[
https://issues.apache.org/jira/browse/AMQ-9625?page=com.atlassian.jira.plugin.system.issuetabpanels:all-tabpanel
]
Christopher L. Shannon updated AMQ-9625:
----------------------------------------
Description:
For the last several years I have been occasionaly seeing "stuck" messages that
appear on queues that will not be dispatched until after a broker restart. The
bug looks to be the same as described in
https://issues.apache.org/jira/browse/AMQ-2955 (the root cause was never
figured out, it was just closed as they couldn't reproduce it). The resulting
behavior seen is that KahaDB has the batch cursor set to a point after a
message that is stored so that message will never dispatch. There's been some
other work done previously to help this issue, notably AMQ-3149 made a change
to only use concurrentStoreAndDispatch if the cache is enabled (more details in
that issue and more below)
I recently figured out how to reproduce it in a test environment and finally
tracked down what the root cause and a fix. Not surprisingly, there are a few
things at play here and the bug is a race condition so it won't be seen unless
a bunch of things hold true (and if the broker is configured a certain way)
h3. Background:
There are 2 optimizations that the broker uses that are playing into this and
both must be enabled for the issue to happen.
# {{useCache=true}} , The normal flow for incoming messages is that they get
written to the store and then they get paged off disk (same thread or another
thread) to be dispatched to consumers. However, there's also a message cache
and if enabled and if there's free memory, the message will be added to the the
cache after sending to disk so we don't need to re-read it off disk again later
when dispatching.
# {{concurrentStoreAndDispatchQueues=true}} The broker also has an
optimization for queues where it it will try and dispatch incoming messages
concurrently to consumers while also writing to disk. (Async message writes) if
the consumers are fast enough to ack, we can cancel the disk write which saves
disk IO and this obviously is a benefit for slow disks. This requires the cache
to be enabled as described in AMQ-3149 otherwise we run into problems because
messages won't be dispatched if not finished so this mode is really only useful
for the cache being enabled. Furthemore
The two settings work together and in practice this means the flow ends up
being that the message is submitted to the store to be added as part of an
async task that is queued up in the background by the store. While the task is
in the queue, the message is then concurrently added to the in memory cache and
the broker will proceed to dispatch to consumers, who may or may not
acknowledge dispatched messages before the disk write is finished if the
consumers are fast and keeping up. Messages that were already written are
removed like normal but if the async task was not finished it gets cancelled
and saves a disk write.
h3. Bug description:
When the broker runs out of memory to cache messages, the cache has to be
[disabled|https://github.com/apache/activemq/blob/3400983a22284a28a8989d4b0aaf762090b0911a/activemq-broker/src/main/java/org/apache/activemq/broker/region/cursors/AbstractStoreCursor.java#L258].

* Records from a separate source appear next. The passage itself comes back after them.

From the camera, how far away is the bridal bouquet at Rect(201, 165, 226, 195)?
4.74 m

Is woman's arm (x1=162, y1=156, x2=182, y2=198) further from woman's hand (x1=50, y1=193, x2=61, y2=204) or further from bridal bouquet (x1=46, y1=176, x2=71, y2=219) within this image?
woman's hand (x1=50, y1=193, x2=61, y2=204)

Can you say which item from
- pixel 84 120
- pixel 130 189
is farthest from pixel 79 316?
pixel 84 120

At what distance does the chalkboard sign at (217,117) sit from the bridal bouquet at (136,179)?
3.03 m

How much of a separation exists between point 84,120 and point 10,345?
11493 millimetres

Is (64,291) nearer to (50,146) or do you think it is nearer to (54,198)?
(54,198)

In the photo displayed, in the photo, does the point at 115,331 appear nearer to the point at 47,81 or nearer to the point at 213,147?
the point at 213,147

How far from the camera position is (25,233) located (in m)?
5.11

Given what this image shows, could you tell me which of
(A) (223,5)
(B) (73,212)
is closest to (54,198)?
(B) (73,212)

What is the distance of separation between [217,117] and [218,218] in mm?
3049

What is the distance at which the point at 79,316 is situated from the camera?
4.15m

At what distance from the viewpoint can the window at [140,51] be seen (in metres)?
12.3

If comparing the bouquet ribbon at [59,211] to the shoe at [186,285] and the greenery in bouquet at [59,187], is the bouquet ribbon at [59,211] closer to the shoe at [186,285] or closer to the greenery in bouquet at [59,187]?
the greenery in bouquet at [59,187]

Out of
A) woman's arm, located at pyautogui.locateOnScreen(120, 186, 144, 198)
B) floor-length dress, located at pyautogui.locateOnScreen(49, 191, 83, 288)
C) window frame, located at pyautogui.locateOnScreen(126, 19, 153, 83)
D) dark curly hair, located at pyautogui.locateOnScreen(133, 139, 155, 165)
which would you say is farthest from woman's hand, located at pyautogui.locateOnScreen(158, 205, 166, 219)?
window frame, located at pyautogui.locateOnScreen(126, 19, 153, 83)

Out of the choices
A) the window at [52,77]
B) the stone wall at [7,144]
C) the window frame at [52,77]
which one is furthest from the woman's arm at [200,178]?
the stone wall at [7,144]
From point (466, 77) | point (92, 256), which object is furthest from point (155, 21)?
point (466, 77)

As part of this process the cache has to
[tell|https://github.com/apache/activemq/blob/3400983a22284a28a8989d4b0aaf762090b0911a/activemq-broker/src/main/java/org/apache/activemq/broker/region/cursors/AbstractStoreCursor.java#L336]

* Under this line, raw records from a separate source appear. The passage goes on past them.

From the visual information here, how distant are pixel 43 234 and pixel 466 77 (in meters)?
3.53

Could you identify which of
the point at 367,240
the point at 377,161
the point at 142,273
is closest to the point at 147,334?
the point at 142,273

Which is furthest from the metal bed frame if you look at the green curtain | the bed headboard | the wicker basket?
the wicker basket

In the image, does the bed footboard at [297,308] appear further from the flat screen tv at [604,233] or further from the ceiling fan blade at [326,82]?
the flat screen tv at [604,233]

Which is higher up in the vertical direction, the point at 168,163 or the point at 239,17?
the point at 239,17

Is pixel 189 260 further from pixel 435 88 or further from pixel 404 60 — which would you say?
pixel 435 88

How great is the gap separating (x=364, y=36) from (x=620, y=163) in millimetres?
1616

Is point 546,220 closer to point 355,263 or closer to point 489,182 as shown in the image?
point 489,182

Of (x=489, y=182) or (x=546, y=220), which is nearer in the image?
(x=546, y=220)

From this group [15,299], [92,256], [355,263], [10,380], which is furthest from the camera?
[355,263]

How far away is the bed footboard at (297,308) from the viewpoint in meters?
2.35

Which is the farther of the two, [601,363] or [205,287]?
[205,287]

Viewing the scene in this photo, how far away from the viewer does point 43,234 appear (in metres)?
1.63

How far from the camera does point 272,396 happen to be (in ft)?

the store what the last message is that was cached so that when the cache is
exhausted we can resume paging off disk and dispatching in the correct spot.
The process for disabling the cache starts when a new incoming message is
attempted to be added to the cache and it detects that memory is full. When
this happens the process for disabling and syncing to the store starts and the
cache goes through and makes sure any previously cached messages that may be
pending to be written are completed (either acked and cancelled or written to
disk and completed) and after that will tell the store where to resume, which
would be after the last cached message. When the cache is disabled, new writes
should no longer be async because we need to have the messages written to disk
to be dispatched. AMQ-3149 added the initial check to ensure that messages are
not async if the cache is not enabled.
In theory, because the store was told the last cached message, the new incoming
message that triggered the disabling/sync would be eventually paged off disk
and dispatched. However, there is a race condition bug and what is actually
happening is sometimes the new incoming message has not completed the write to
the store when the queue goes to fill the next batch to dispatch, so it gets
missed as it's still pending. In this case the message that triggered the
disabling/sync was submitted to the cache but never actually cached because
memory was full, and then the dispatch continues and proceeds before
guaranteeing the write.
The end result is that if the consumer is very fast, when the store goes to
page off the next messages it may not see the pending write that hasn't
finished (and was not added to the cache) so the store skips ahead before the
incoming message completes. By the time the incoming message is finished
writing to the store, the disk cursor has moved past it and the message will be
skipped and gets stuck until the broker restarts to reset the batch.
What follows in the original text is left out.